Evoquer la peinture c'est convoquer le pouvoir totémique du langage, dans cette fonction expiatoire et libératoire de l'art, et introduire à le lecture de cette Anthologie du Cygne. Tant d'années pour recueillir ces tapisseries pluri-sémantiques que sont les vers offerts dans ces pages, et les noms de ces poètes qui cherchent comment s'appelle une pipe qui n'existe pas.

C'est Roger Gonnet : 

 

Le temps pesait sur les paupières
La nuit n'était pas inventée1

 

C'est Sophie Brassart :

 

Arracher des nues 
                le reflet                                  des chemins

                Apparaître et disparaître2

 

C'est Ismael Billy :

 

Et dans le tranchée égorgée des vieux puits abandonnés des
siècles qui psalmodient de vent les chants de la vengeance,
Il y a toi3

 

C'est Philippe Leuckx : 

 

Ô toi sentiment du peu
qui effleures
le sombre.4

 

C'est Vincent Motard-Avargues : 

 

             Il mordait le temps
pour échapper au silence5

 

C'est Thomas Vinau :

 

La tête comme une flaque
d'eau morte6

 

C'est Denis Emorine :

 

j'ose enfin effleurer ton visage
et garder ces cinq pétales
serrés
dans ma main
sans froisser ton nom.7

 

C'est Werner Lambersy :

 

Nous en avons fini
avec la mort8

 

Et combien d'autres... Quelques miettes de ce pain cosmique, la poésie, mais quelles miettes !

Pas une anthologie comme les autres, mais le reflet de vingt ans de poésie, vingt ans passés à chercher ce paradoxe qu'est le tu du langage dans la parole. Merci au Cygne.

 

Notes

1. Roger Gonnet, Les Jardins de clarté, Editions du Cygne, 2019.

2. Sophie Brassart, Je vais, à la mesure du ciel, Editons du Cygne, 2019.

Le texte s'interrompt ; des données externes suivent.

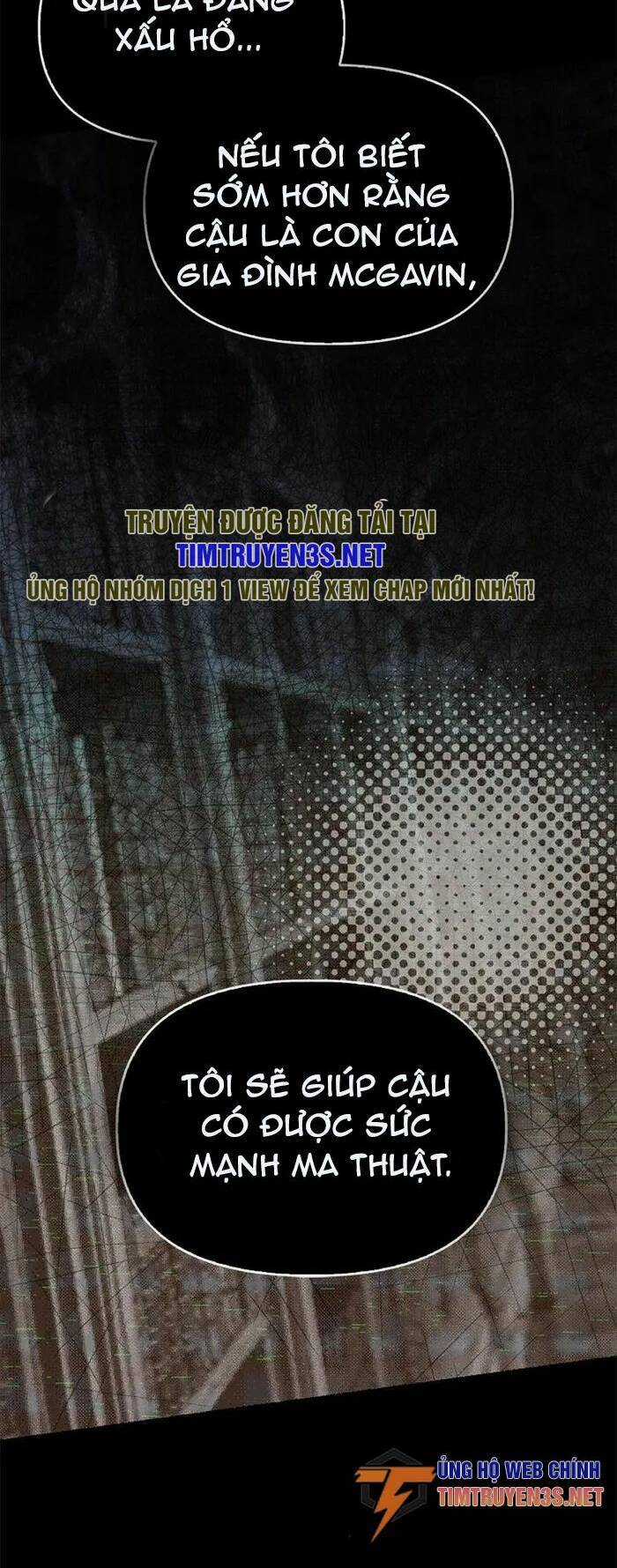 Bậc Thầy Kiếm Sư Cấp 9 : Người Bảo Vệ Kiếm Chapter 3 trang 46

3. Ismael Billy, Amours sibériennes, Editions du Cygne, 2018

4. Philippe Leuckx, Au plus près, Editions du Cygne, 2012.

5. Vincent Motard-Avargues, Un écho de nuit, Editions du Cygne, 2011.

6. Thomas Vinau, Le Trou, Editions du cygne, 2008.

7. Dénis Emorine, Lettres à Saïda, Editions du Cygne, 2008.

8. Wernber Lambersy, Effets du facteur éolien de l’art sur l’érosion des choses, Editions du Cygne, 2008.